Körü körüne inandığım her şey kadere dönüşüyor. Bana ait olmayan fikirleri giydirdiğim zihnimle, el yordamıyla bulduğum bir hayatı yaşıyorum. Kimim ben? Arka koltuktan babasına, “Geldik mi?” diye sorup duran çocuk olarak mı tamamlamak istiyorum hayatı? Sanmam. Yolun kendisi olmak istiyorum, belki yolda kaybolmak istiyorum. İnsanın özü, mevcut halinden epey fazla, çok daha ötede bir yerde duruyor. Ayrıcalıklı bir durumdan bahsetmiyorum, zaten var olan bir nitelikten bahsediyorum. Yaradılışın özü, kendine merak duyduğun an görünür olur.

Duyduklarına, inandıklarına ve bildiklerine merakla bak. Zihin, büyük bir yorumcudur. Olanı olduğu gibi görmene engel bir perde yaratır. Gerçek ve katıksız bir öze ulaşabilmenin yolunun, merakla yeniden bakmak ve değişebilmesine izin vermek olduğunu düşünürüm. Okuduğun her cümle, başlı başına bir dönüşümün başlangıcıdır. Bilerek ya da bilmeyerek, gözünün önünde duran bu cümlelere kayıtsız kalma ve biraz yakından bak. Elinde tuttuğun bu kitap, kendin gibi olmana yardımcı olması için planlanan, bir ruhsal beceri kitabıdır. İşe yaramasa da, tekrar edip durduğumuz alışkanlıklar, kaskatı kesilmiş iç ses ve geçmiş öğrenmeler sonucu oluşan düşünce kalıplarımıza bir elek vazifesi göreceğini düşündüğüm bu kitap, hem Doğu mistisizmi, hem de Batı psikolojisinin yoldaşlığıyla hazırlanmıştır.

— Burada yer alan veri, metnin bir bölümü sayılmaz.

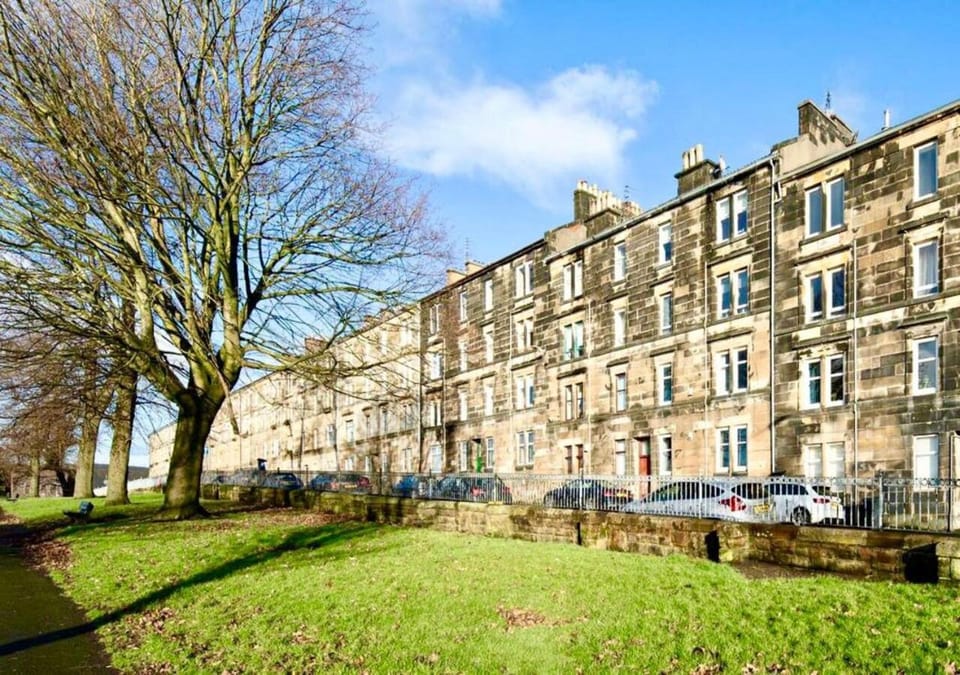 Property building, Garden, Location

Merak duyan ve anlamaya niyetli olan herkese dokunması dileğimle.

Başlangıç

Açık zihin pratiği Pratik demek; zihinsel egzersiz demek, düşünce ve duygularını gözetlemek demek, zihnini ehlileştirmek demek. Her ne dersen de, yapacağın her pratik, kendin üzerinde çalışmana yardımcı olacak bir dizi zihinsel ve fiziksel aktiviteden oluşur. İnsanlar genelde, bir şeyi sürdürmenin, başlamaktan bile daha zor olduğunu söyleyebilirler. Bu da yanlış sayılmaz aslında. Bir geriye dönüp baksana; yarıda bıraktığın diyetler, dikkatini odaklayamayıp yarısında kapattığın film, üç kere gittikten sonra artık seni cezbetmeyen o müzik aleti kursu.

Kimbilir senin aklına başka neler geliyordur… Hepsi için geçerli olan şu; başlamaya gücün yetse de devamlılığı sağlamak için istikrar gerekiyor. Hayatın birçok alanında yeteneğin, gereken ilgin ya da fırsatın olmasına rağmen, devam ettiremediğin ne varsa sebebi dikkattir. Hatta biraz daha ileriye götürecek olursam, iç huzursuzluğun, zihinsel bulanıklığın ya da umutsuz düşüncelerin de suçlusu dikkattir. Pratikler; gerekli dikkati ve istikrarı, kendi merkezinde toplaman için bir yöntemdir. Pratikler; hayatının gündemini belirleyen dikkati, ihtiyaçların üzerinde toplamana yardımcı olur. Zihni dağınık ve bulanık halinden kurtarır, odaklanma ve konsantrasyon becerisini kuvvetlendirir. Dikkat dediğin şey pratiktir; pratikler de alışkanlıkların özüdür.

Yıllar içerisinde pratik ettiğimiz her düşünce, davranışlarımız ya da tepkilerimiz üzerinde somut olarak kendini gösterir. Üzerinde uzun süre düşündüğümüz şeyler hakkında harekete geçeriz. Ya da yakınımızdaki kişilerin ruh halleri, bir süre sonra kendi hislerimiz üzerinde etkili olmaya başlar. İşte bu, pratiğin gücüdür. Topraklarımızda pek sık kullanılan “aklıma gelen, başıma geldi” deyiminin bendeki anlamı “pratik ettiğim şey, gerçeğim oldu” cümlesidir. Çünkü düşündüklerimizi değil, uzun süre tekrar ettiklerimizi yaşarız. Tekrar ettiklerimize meyilli hale geliriz. Gerek düşünce dünyamızda, gerek dil alışkanlıklarımız ya da eylemlerimizde oluşan bu tekrar döngüleri, “ben” dediğimiz oluşumu yaratır.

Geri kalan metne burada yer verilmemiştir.